In the popular American imagination, karaoke isn’t exactly glamorous, or even respectable. It’s often thought of as kitsch at best and, at worst, just kind of sad. Think Bill Murray in Lost in Translation, a maladroit outpouring of untrained melody. But karaoke is cathartic fun, and pulling out the stops to belt your favorite megahits serves an important bodily—as well as societal—function: making you feel awesome. And isn’t that why we work for the weekend?
Even though, sadly, there is no more karaoke night at Pla-More Lanes, with cosmic bowling and incongruous videos forming a surreal backdrop—I once saw a video by Canadian lesbian folk duo Tegan & Sara play over the lanes as a group of hammered housewives powered through “Redneck Woman”—there are plenty of other options around town. The Fieldhouse Bar & Grill offers karaoke five nights a week with Mama Becca, and there’s always Printer’s Alley. Many local Asian restaurants double as karaoke bars—large speakers flanking a television at one end of the dining room hint at a croon-friendly establishment. Prefer less of an audience? The Korean style of karaoke, norae-bang (literally, “song room”), offers a private space where you can call all angels, welcome your friends to the jungle or fall to pieces without having to face a bar full of people waiting for their turn. If you’re more prone to hikikomori (a hermetic life) than karaoke, you can pop CMT’s Karaoke Revolution game into your PlayStation.

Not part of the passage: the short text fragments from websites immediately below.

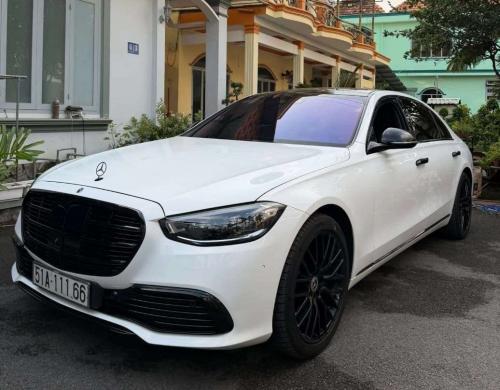 S450 Luxury Sx2022 dk24 style Black & White 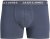 Jack & Jones JACMASON Trunks 7-Pack True Blue - Roupa Interior & natação - Roupa interior Homem Tamanhos Grandes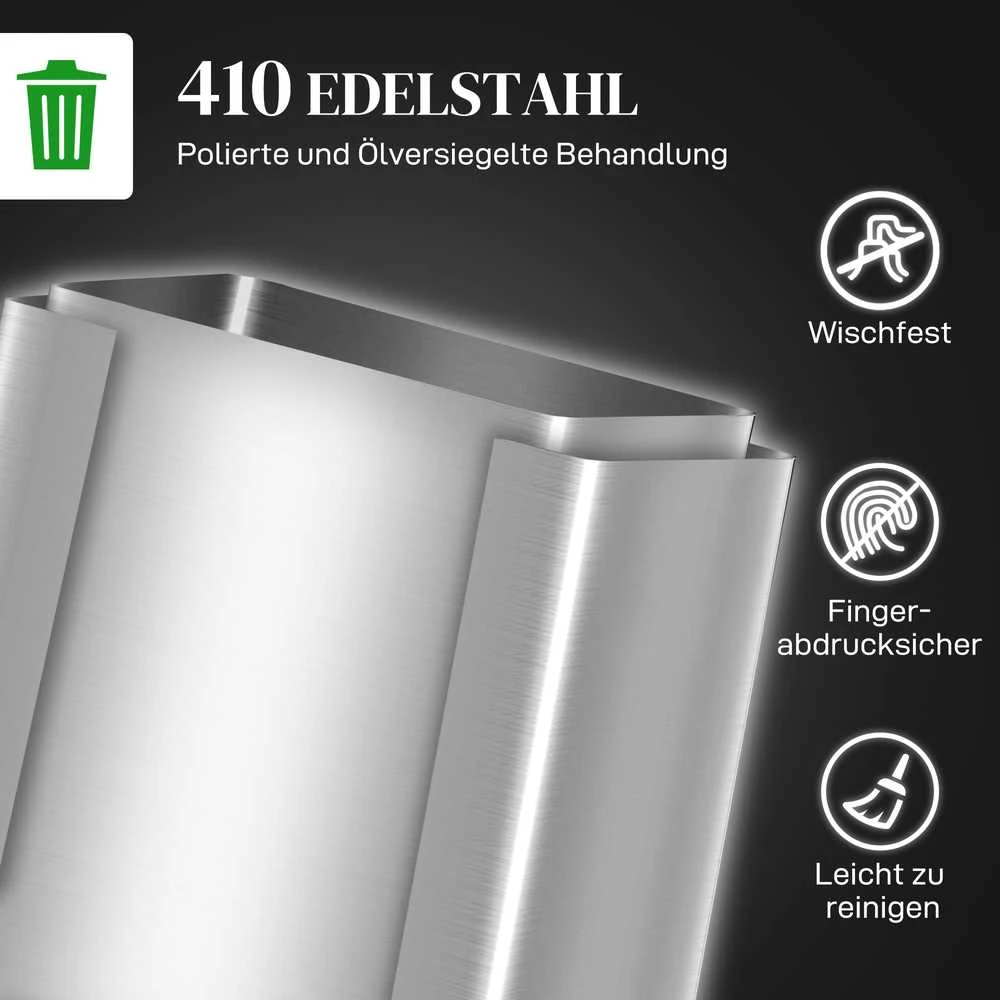 Šiukšliadėžė 40 l
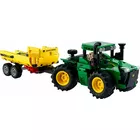 LEGO Klocki Technic 42136 Traktor John Deere 9620R 4WD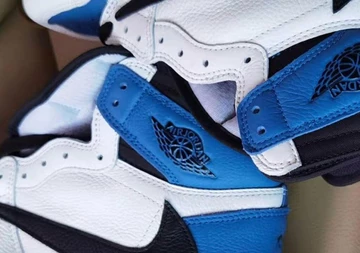 Fragment x Travis Scott Jordan 1 - Leak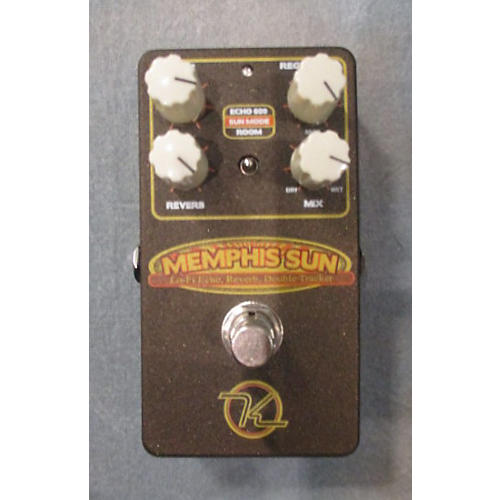Used Keeley Memphis Sun Effect Pedal Guitar Center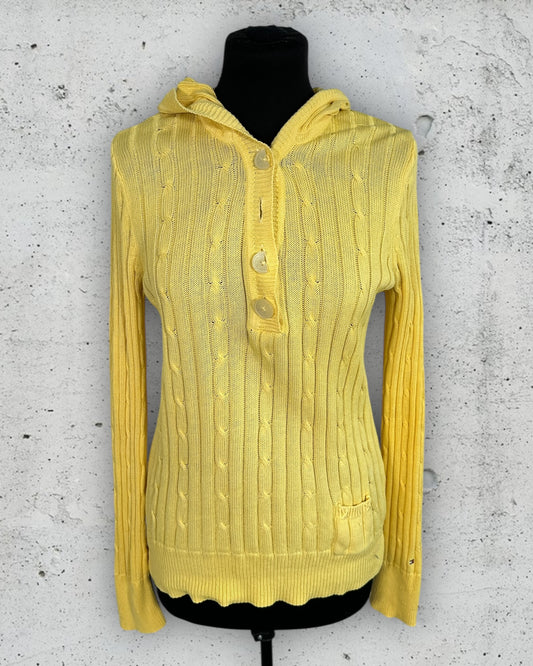 Pull torsadé Tommy Hilfiger ( M / 38 / 10 )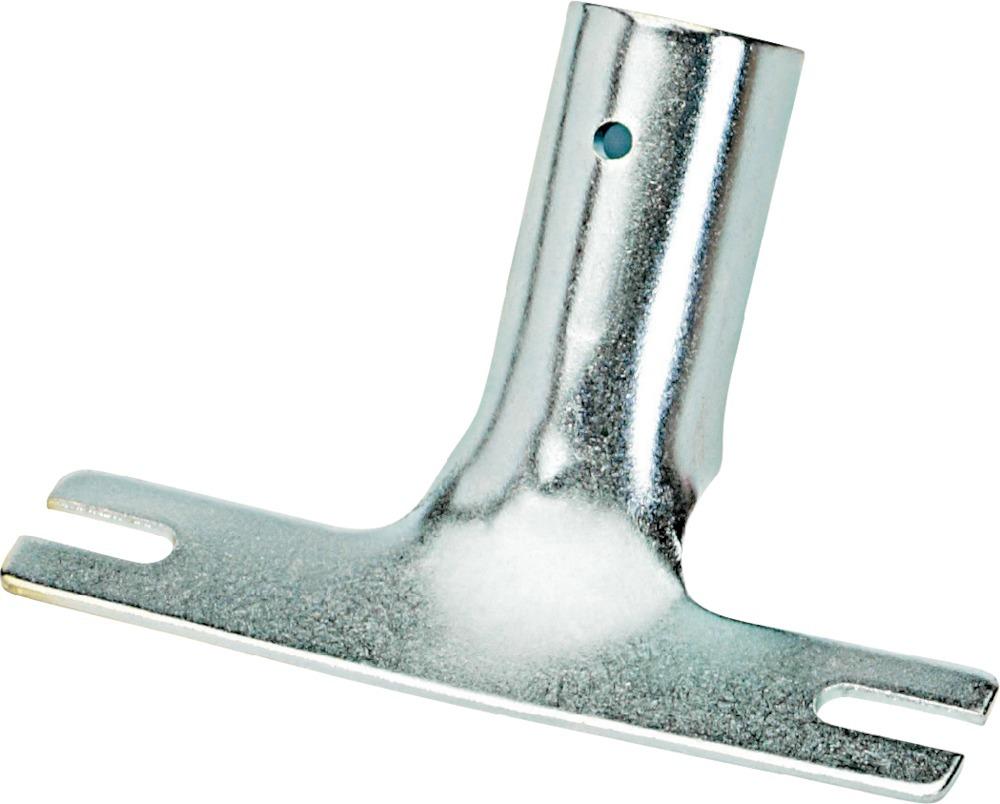 Besenstielhalter verzinktØ24mm Nölle PROFI BRUSH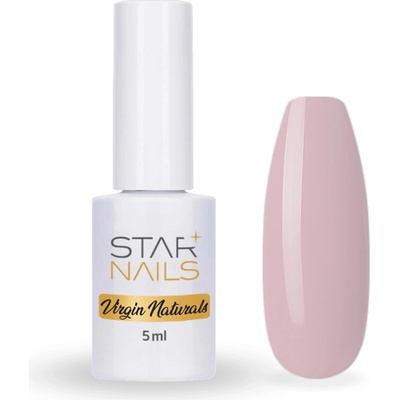 Polish Virgin Naturals, 5ml - 005 Begonia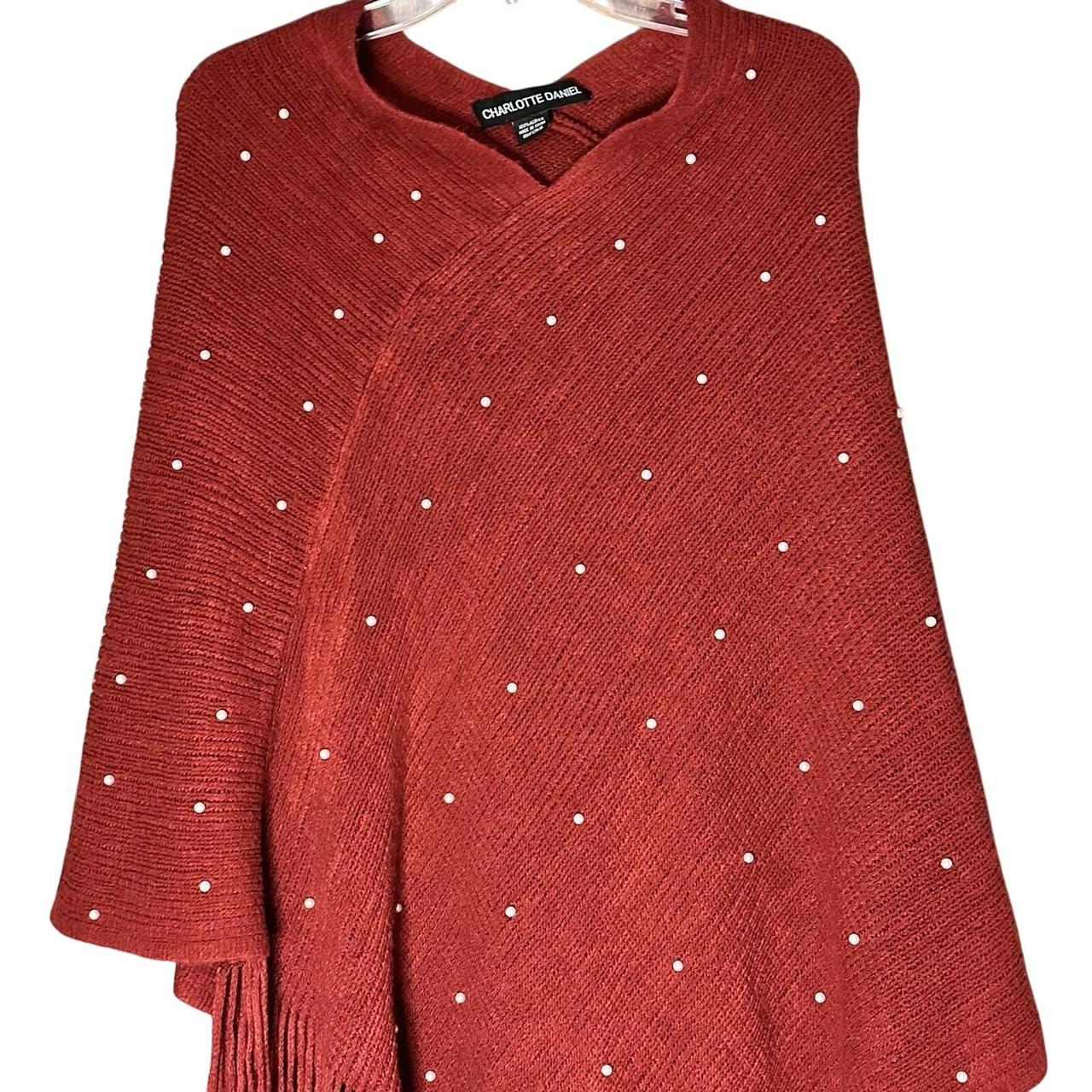 Source Unknown Women's Sweater - Red - One size –… - image 2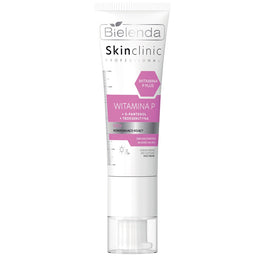 Bielenda Skin Clinic Professional Witamina P krem wzmacniająco-kojący 40ml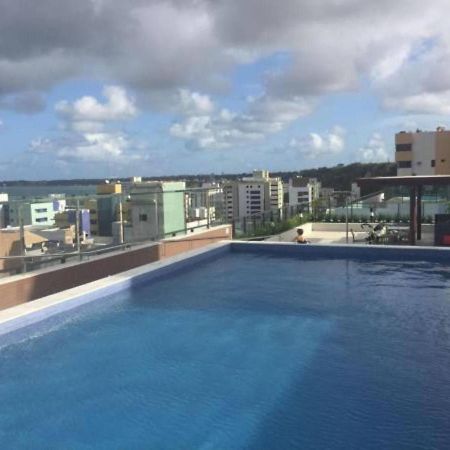 Apartament Flat Cabo Branco - Alto Padrao João Pessoa Zewnętrze zdjęcie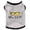 Grey, variant on TIELUTT Pet Dog Letter Shirt Painting Puppy Coat Cat Warm Clothes Coat Eco Medium Dog No Dog Tac Vest Xsmall Dog for Teacups Xxsmall Dog and Leash Set Puppy Bookbag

But the only place in Nashville where you can really live out your lead singer fantasies (with the possible exception of the ones involving groupies) is Everyone’s a Rock Star live-band karaoke at Mercy Lounge. With a full band behind you instead of the cheesy, Nintendo-esque MIDI sound you often get from a karaoke machine, you can really let loose. Luckily, on top of having well over 100 songs in their repertoire, the band you’re fronting is quite good. From “Darling Nikki” to “Ace of Spades,” they’re ready to rock. (Fellas, you’d better squeeze yourself into your best pair of nut-huggers if you’re going to take on Iron Maiden’s “Flight of Icarus.”)
While everyone who takes the stage to sing may not be a rock star, per se, plenty of people take it plenty seriously—at least seriously enough to add a layer of intrigue to the proceedings. Hours before the able house band takes the stage, you can see EARS regulars bellying up to the bar, warming up their pipes—or at least lubricating them. There may not be a panel of judges, but there is certainly competition among performers. Sure, the only prize on the line is pride, but at the end of the day, that’s worth more than any record deal.